In total it took us 7 excruciating hours to reach the summit. I was lucky and had somewhat prepared myself for the challenge. With deep consistent breathing, sugar (in the form of Snickers) and lots of water I was able to make the 5,750 meter mark (Gilman’s Point) without any real tough effects of altitude sickness. The last 150 meters though really took its toll. I was exhausted and began to feel the effects quickly. At that point I had not slept in over 24 hours, and in that time frame, hiked 17km with a 2,000m vertical gain. My muscles were weaning, especially my legs. I needed to rest. It took an hour and a half to walk the 1km from Gilman’s Point to Uhuru Peak and the summit. My head began to pound and every ten steps I would stop to breathe, then continue, stop, continue. It was an incredible challenge to walk such a short distance. One you cannot prepare for, one you must only endure.

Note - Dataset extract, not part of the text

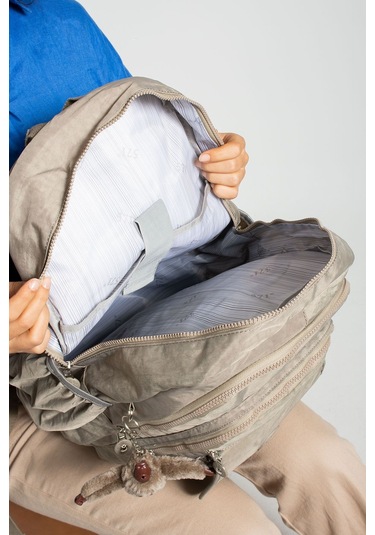 Ultra Hafif Çok Cepli Su Geçirmez Okul Çantası Laptop, Notebook, Okul, Spor, Seyahat Vizon 571-2a-1 Vizon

We had an incredible group with great guides. We shared laughs, tears, silence, sickness, and overall, the determination to complete a common goal, summit Mt. Kilimanjaro and reach the rooftop of the African continent.
I believe that endurance is the key to any physical conquest. As cheesy as it sounds, the trick is to force yourself to stick with it and attack the task at hand no matter how badly your body is screaming for you to quit. Conserve your energy and go slowly. It is not a race, and even if it was, the turtle will always beat the hare. Any high altitude climbing presents a different set of challenges to that of more technical climbs. With Kilimanjaro I think the best way to reach the summit is to pick your route accordingly and not underestimate the difficulties of walking at 5,895 meters above sea level.
"Almost there man, one step after the other, breathe."